Su repetida frase relativa a Cristo como nuestro “sustituto y garantía” no implica la postura popular llamada “de la Reforma”, limitada a una sustitución legal o judicial:
No debemos colocar la obediencia de Cristo en sí misma como algo para lo cual estuviera particularmente adaptado por su peculiar naturaleza divina, ya que se tuvo ante Dios como el representante del hombre, y fue tentado como el sustituto y garantía del hombre" (Manuscrito 1, 1892).
Esa nueva motivación está infinitamente alejada de la herejía del “perfeccionismo”. Comentando el mensaje de 1888, Ellen White dijo que la justicia imputada es nuestro “título al cielo”, mientras que la impartida es nuestra “idoneidad para el cielo” (Review and Herald, 4 junio 1895. También Mensajes para los jóvenes, 32. Esa terminología fue previamente empleada por John Wesley, Works, Sermon 127, 1790, “On the Wedding Garment” [ataviados para las bodas]). El gran reloj de Dios marcó solemnemente la hora que nunca antes sonara en los días de los reformadores del siglo XVI. La hora era avanzada, y había llegado el tiempo de que una Voz se dispusiese a proclamar: “Consumado es”.

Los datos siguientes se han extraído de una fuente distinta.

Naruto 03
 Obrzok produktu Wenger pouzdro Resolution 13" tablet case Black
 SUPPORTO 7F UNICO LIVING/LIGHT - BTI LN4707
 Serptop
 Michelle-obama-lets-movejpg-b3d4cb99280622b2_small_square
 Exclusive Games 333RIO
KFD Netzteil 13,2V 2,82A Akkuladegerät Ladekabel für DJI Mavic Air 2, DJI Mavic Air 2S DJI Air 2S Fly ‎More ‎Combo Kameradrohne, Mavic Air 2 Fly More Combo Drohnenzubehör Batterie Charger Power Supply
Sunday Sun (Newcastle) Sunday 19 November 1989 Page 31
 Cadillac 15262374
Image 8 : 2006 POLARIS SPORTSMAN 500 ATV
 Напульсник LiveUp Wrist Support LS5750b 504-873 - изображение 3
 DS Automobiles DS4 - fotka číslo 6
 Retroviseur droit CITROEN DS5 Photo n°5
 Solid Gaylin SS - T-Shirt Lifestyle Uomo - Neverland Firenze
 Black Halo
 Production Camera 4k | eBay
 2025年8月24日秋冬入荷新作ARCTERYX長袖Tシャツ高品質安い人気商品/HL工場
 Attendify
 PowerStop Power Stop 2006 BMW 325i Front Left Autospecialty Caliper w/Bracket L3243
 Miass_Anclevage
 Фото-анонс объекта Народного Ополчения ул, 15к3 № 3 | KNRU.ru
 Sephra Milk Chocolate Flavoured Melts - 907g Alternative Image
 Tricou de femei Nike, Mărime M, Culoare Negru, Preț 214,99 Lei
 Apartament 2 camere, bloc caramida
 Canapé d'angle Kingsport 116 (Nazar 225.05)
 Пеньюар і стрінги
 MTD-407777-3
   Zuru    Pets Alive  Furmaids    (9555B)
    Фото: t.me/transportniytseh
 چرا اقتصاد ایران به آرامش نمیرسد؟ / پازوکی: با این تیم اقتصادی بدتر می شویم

Cuando nos postramos humildemente a los pies de la cruz donde Cristo murió, venimos a ser todos como niños en lo referente a la limitada comprensión de su glorioso significado. El orgullo personal y denominacional que impregna nuestra vida como iglesia, la tendencia constante a honrar y glorificar a los hombres y mujeres falibles, nuestra adhesión a los placeres y las cosas del mundo, son todos ellos indicadores de cuán poco comprendemos o apreciamos la verdadera justificación por la fe.
El remedio no es encontrar algo más que hacer en el sentido de más obras, sino algo que creer. Y nadie puede creer si no es con el corazón contrito, quebrantado. Nuestra historia pasada y presente nos revela que aún no hemos aprendido la lección suprema:
Mas lejos esté de mí el gloriarme, sino en la cruz de nuestro Señor Jesucristo, por el cual el mundo me es crucificado a mí, y yo al mundo (Gál 6:14).
Hermanos, cuando fui a vosotros, no fui con altivez de palabra, o de sabiduría, a anunciaros el testimonio de Cristo. Porque no me propuse saber algo entre vosotros, sino a Jesucristo, y a este crucificado (1 Cor 2:1-2).